14. Juni 2025 nmz – HörBar – unabhängig / unbestechlich / phonokritisch

Joe Hisaishi

Joe Hisaishi
Joe Hisaishi
Gerne oute ich mich als unwissend. Weder der Name von Joe Hisaishi (*1950) noch seine Musik waren mir vor diesem Album bekannt. Dabei handelt es sich offenbar um einen der bedeutendsten japanischen Filmkomponisten, der noch dazu als Dirigent um die Welt reist – und es dabei wie John Williams hält, der gerne in Welt-Metropolen oder größeren Städten ein Konzert initiiert und dieses vermarktet. Wie dieser hat aber Joe Hisaishi Partituren für den Konzertgebrauch geschrieben, darunter (inzwischen) auch drei Sinfonien. Der Spagat zwischen Cinema und Bühne gelingt offenbar so gut, dass nun bei der Deutschen Grammophon ein zweites Album erschienen ist: mit der Sinfonie Nr. 2 (2021) und einem konzertanten Werk, der Viola Saga (2023). Für das traditionelle Gelb-Label offenbar eine Goldgrube – sonst würde die Musik nicht auf allen aktuellen Medien, von LP über CD bis hin zum Video-Event, vertrieben werden.

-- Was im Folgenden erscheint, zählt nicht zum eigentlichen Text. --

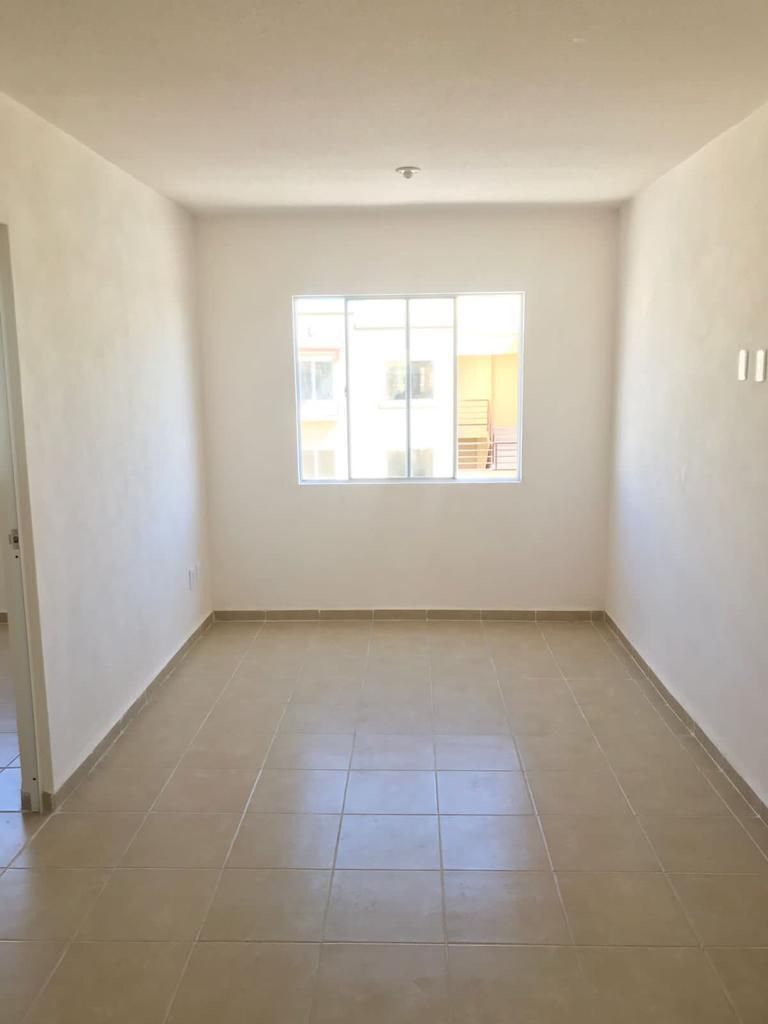 2 of 8: Sala / comedor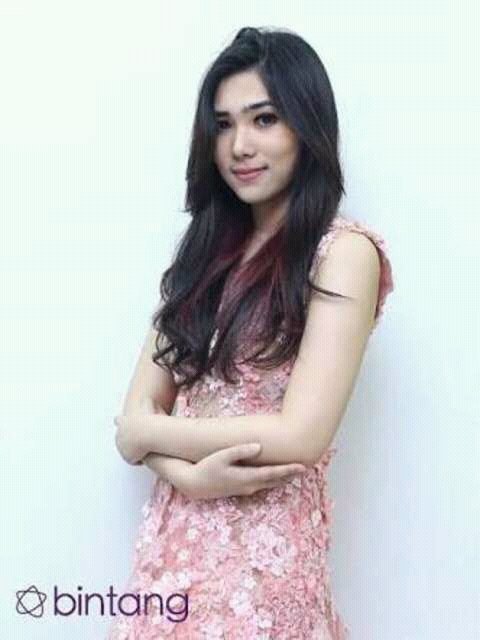 Enikasari29Aziz's tweet photo. kalo kita liat² wajahnya kak @Isyanasarasvati sama wajah aktris asal Jepang @Taookamoto mirip yah... 😂😂
apa kakak berdua ini kembar yah.. 😂😅 https://t.co/OETwD8S87E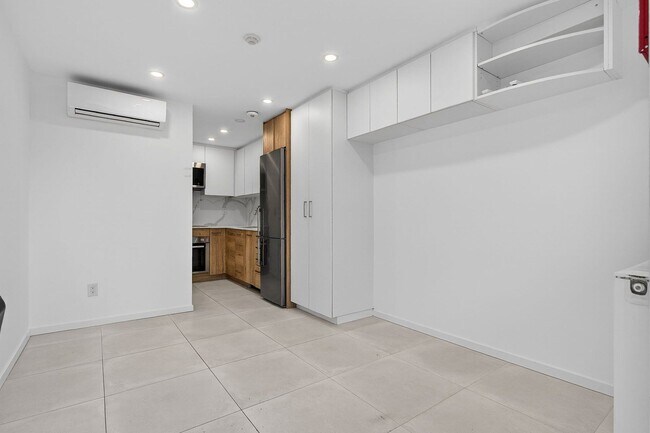 Photo - 3879 Bathurst St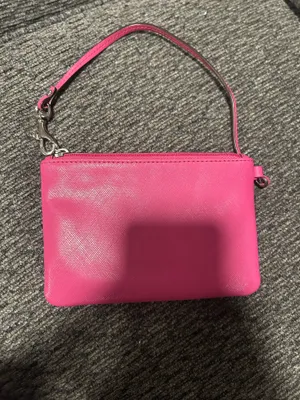 Coach Wristlet Pink thumbnail 2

Die Musik hat freilich nur wenig Neues zu sagen. Die Partitur der Sinfonie Nr. 2 etwa pendelt im Nirgendwo zwischen Neoklassizismus, Neo-Romantik, erhabenen Gesten und Minimalismus, ohne dass auch nur ein Aspekt konsequent durchgeführt würde. Insofern tut die Musik nicht weh, sie fließt in einem multikulturellen Mix aus Allusionen von allerlei Kontinenten und Komponisten. Einmal schimmern Wagner und Strauss durch (Ende des ersten Satzes), dann klingt Mahler als Zitat an (3. Satz), bald blickt Strawinsky um die Ecke (2. Satz). Für Kenner des sinfonischen Repertoires ist die Sinfonie fast ein «musikalischer Spaß» (à la Mozart), wenn einem nicht immer wieder das Schmunzeln gefrieren würde. Denn was von alledem ist nun genuin «Hisaishi»? Versteht er es, verschiedene Ideen synthetisch zu fassen – oder ist alles eben doch nur epigonal? Die Viola Saga ehrt jedenfalls das mir sehr liebe Instrument. – Akustisch brillant eingefangen (Aufnahmen stammen aus dem prestigeträchtigen Wiener Musikverein und Konzerthaus Wien), bleibt das Booklet mit dem Jahr der jeweiligen Komposition wie auch das der Aufnahme einige der nach wie vor wichtigen Metadaten schuldig. Man kann beides über die Homepage des Komponisten ermitteln. Warum aber dieser Umweg? Ist es so wenig «sexy«, ein paar elementare Daten zu nennen?

Joe Hisaishi in Vienna
Joe Hisaishi. Symphonie Nr. 2 (2021), Viola Saga (2023)
Antoine Tamestit (Viola), Wiener Symphoniker, Joe Hisaishi

Deutsche Grammophon 650 0149 (2023)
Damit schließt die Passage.